Problem description ▸ Transcribe exactly the lines from the one containing "Paraíso 1 casa + 2 cabañas" through the end of the data, both included. Leave out pictures.

Information shown ▸
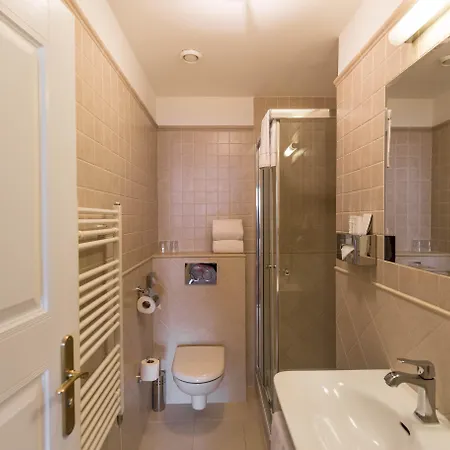 Rott Hotel Prague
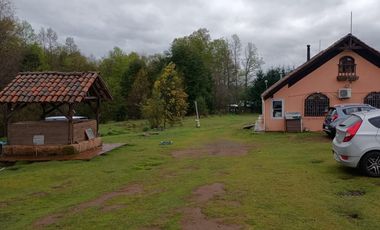 Paraíso 1 casa + 2 cabañas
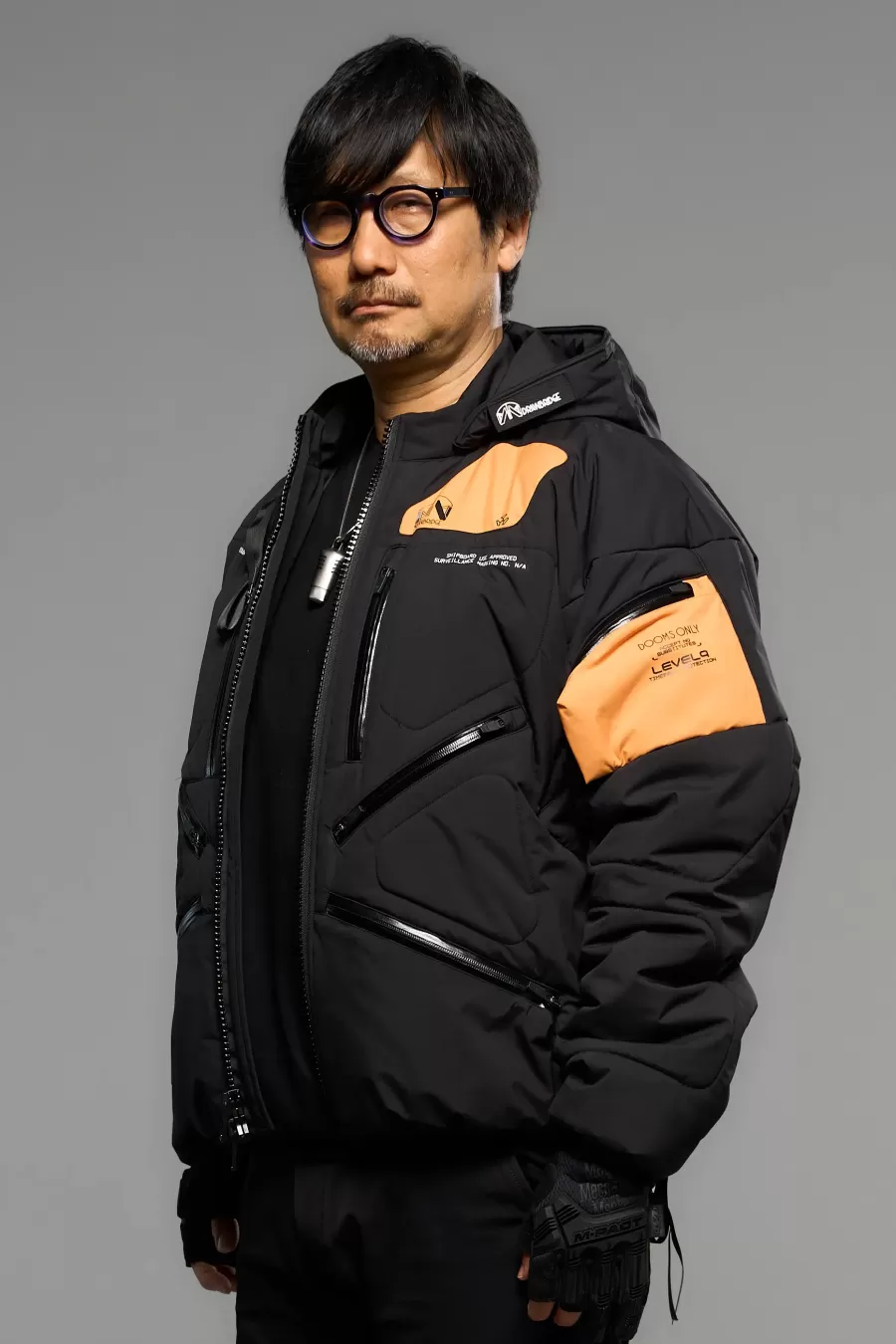Death Stranding 2 Jacked Acronym J91-WSDB 1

Output ▸
 Paraíso 1 casa + 2 cabañas
Death Stranding 2 Jacked Acronym J91-WSDB 1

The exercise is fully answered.